*Problem statement*
Restate the listing that follows word for word, without its pictures.

*Information supplied*
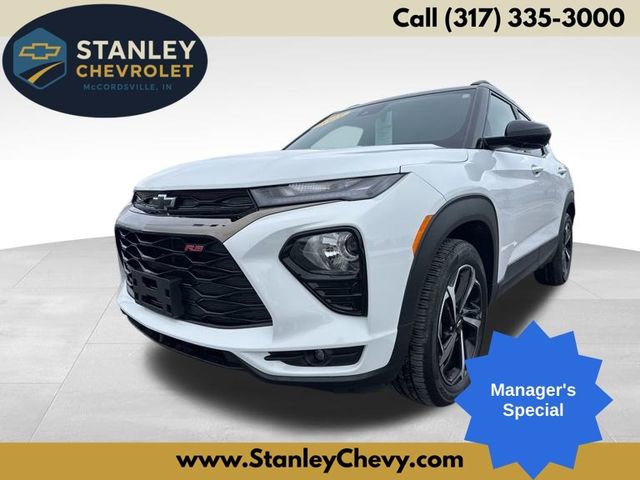 Used 2023 Chevrolet TrailBlazer RS w/ Sun and Liftgate Package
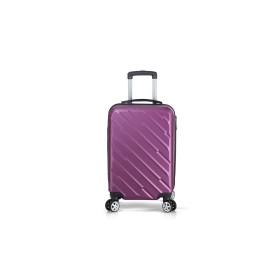 Troya Bags Unisex Troya Basic Abs Kabin Boy Valiz Mürdüm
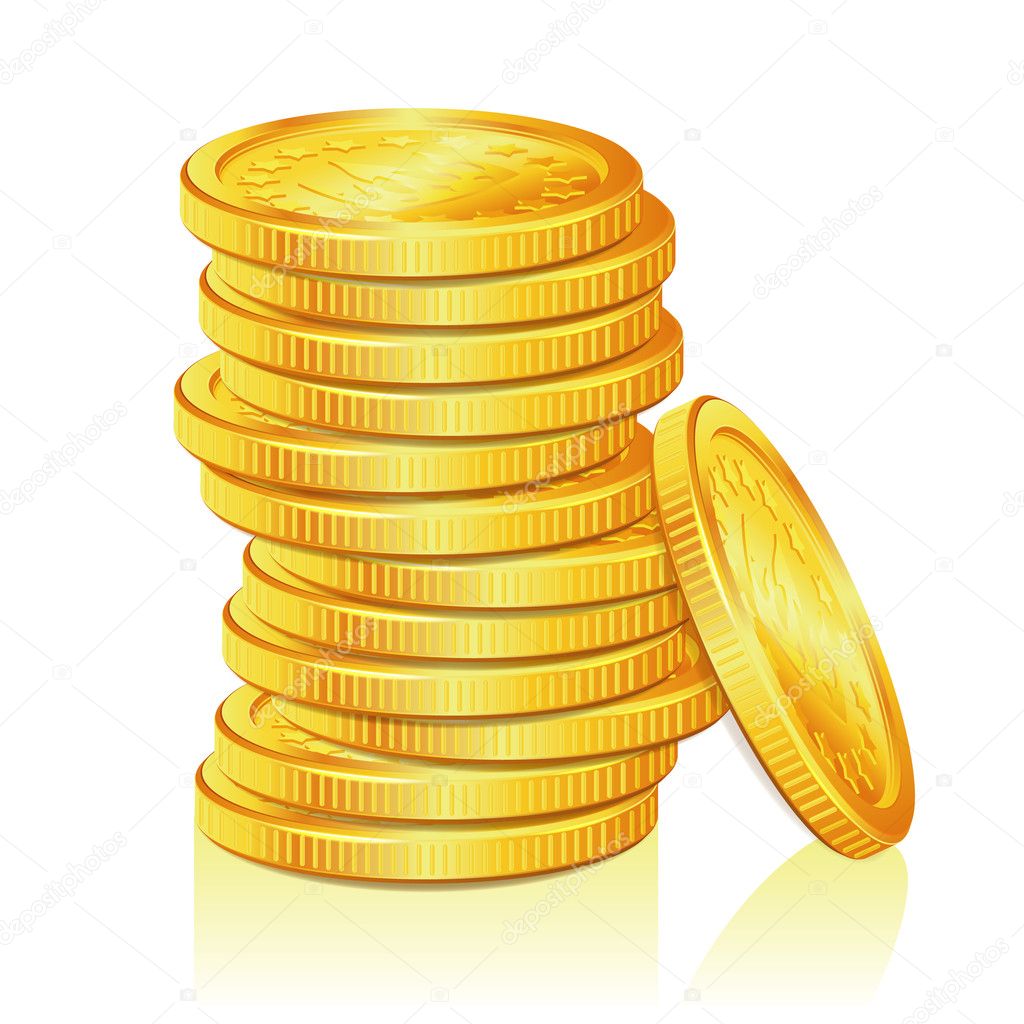 Coins Vector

*Your response*
 Used 2023 Chevrolet TrailBlazer RS w/ Sun and Liftgate Package
 Troya Bags Unisex Troya Basic Abs Kabin Boy Valiz Mürdüm
 Coins Vector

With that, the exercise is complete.